His Reign and Death
On Manuel's death in 1180, Maria, who became a nun under the name Xene, took the position of regent (according to some historians). She excluded her young son from power, entrusting it instead to Alexios the prōtosebastos (a cousin of Alexios II), who was popularly believed to be her lover. Friends of the young Alexios II now tried to form a party against the empress mother and the prōtosebastos; Alexios II's half-sister Maria, wife of Caesar John (Renier of Montferrat), stirred up riots in the streets of the capital.
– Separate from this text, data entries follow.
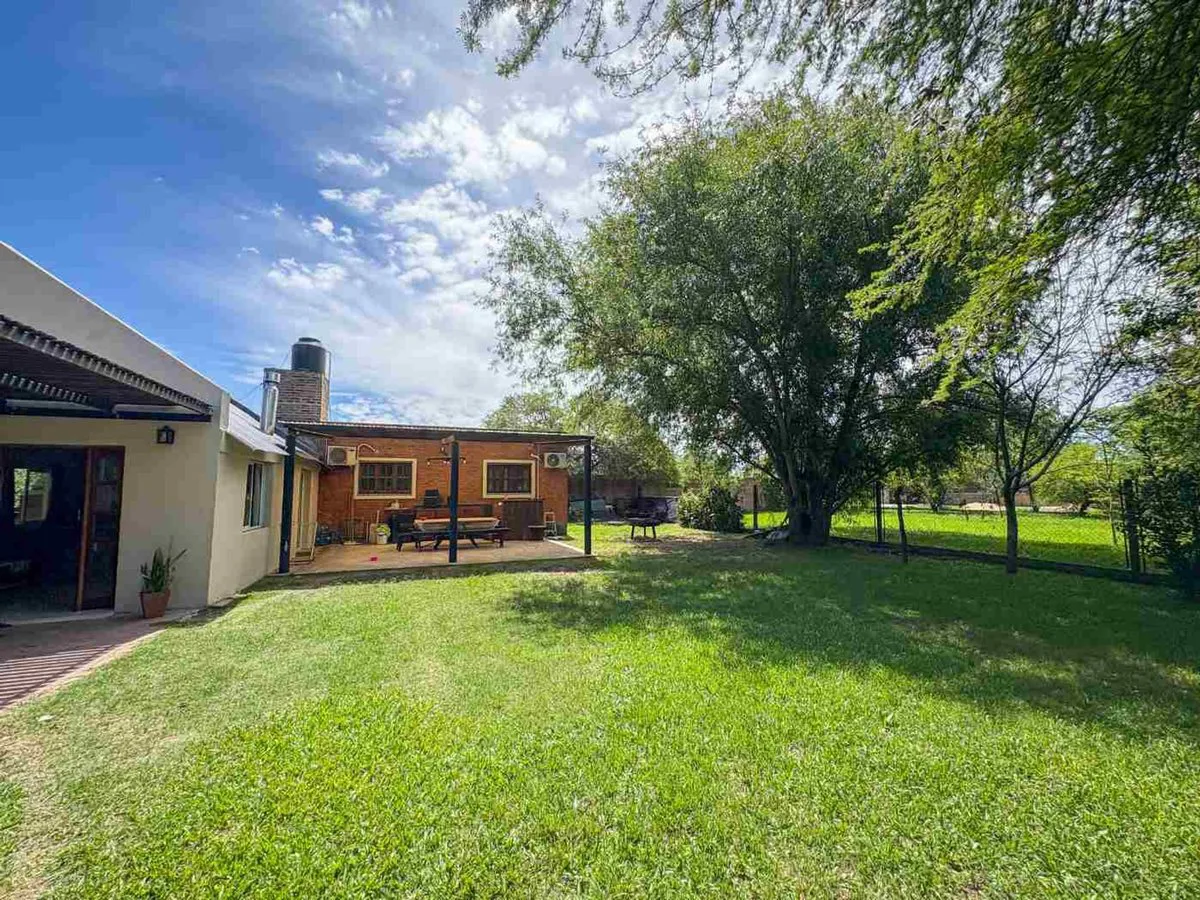 CASA EN VENTA VILLA CALIFORNIA foto 4
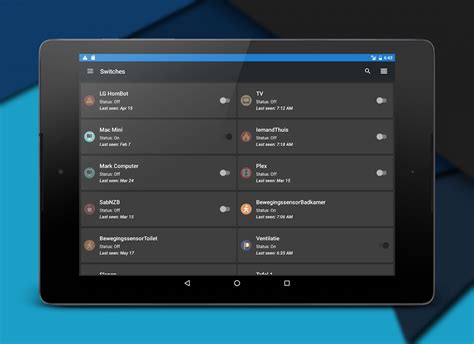 domoticz home automation lite aplicaciones de android en google play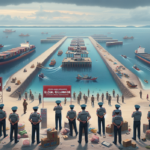 alt_text: Reklamasi ilegal di Lingga mengancam ekosistem laut Nusantara dan menimbulkan perhatian serius.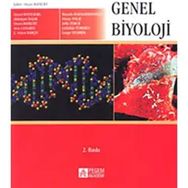 GENEL BIYOLOJI - ORÇUN BOZKURT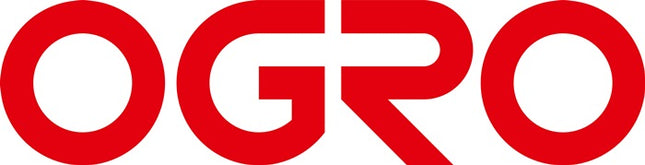 Ogro FS interchangeable pin OGRO 115 FS ( 3000267165 ) square 9 x 90 mm solid pin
Their party was defeated (2 May 1182), but Andronikos Komnenos, a first cousin of Emperor Manuel, took advantage of these disorders to aim at the crown, entered Constantinople, where he was received with almost divine honours, and overthrew the government. His arrival was celebrated by a massacre of 80,000 Latins in Constantinople, especially the Venetian merchants, which he made no attempt to stop. He allowed Alexios II to be crowned, but was responsible for the death of most of the young emperor's actual or potential defenders, including his mother, his half-sister and the Caesar, and refused to allow him the smallest voice in public affairs.
The betrothal in 1180 of Alexios II to Agnes of France, daughter of Louis VII of France and his third wife Adèle of Champagne and at the time a child of nine, had not apparently been followed by their marriage. Andronikos was now formally proclaimed as co-emperor before the crowd on the terrace of the Church of Christ of the Chalkè, and not long afterwards, on the pretext that divided rule was injurious to the Empire, he caused Alexios II to be strangled with a bow-string (October 1183). During Alexius II's reign, the Byzantine Empire was invaded by King Béla III losing Syrmia and Bosnia to the Kingdom of Hungary in AD 1181, later even Dalmatia was lost to the Venetians. Kilij Arslan II invaded the empire in AD 1182, defeating the Byzantines at the Siege of Cotyaeum resulting in the Byzantine Empire losing Cotyaeum and Sozopolis.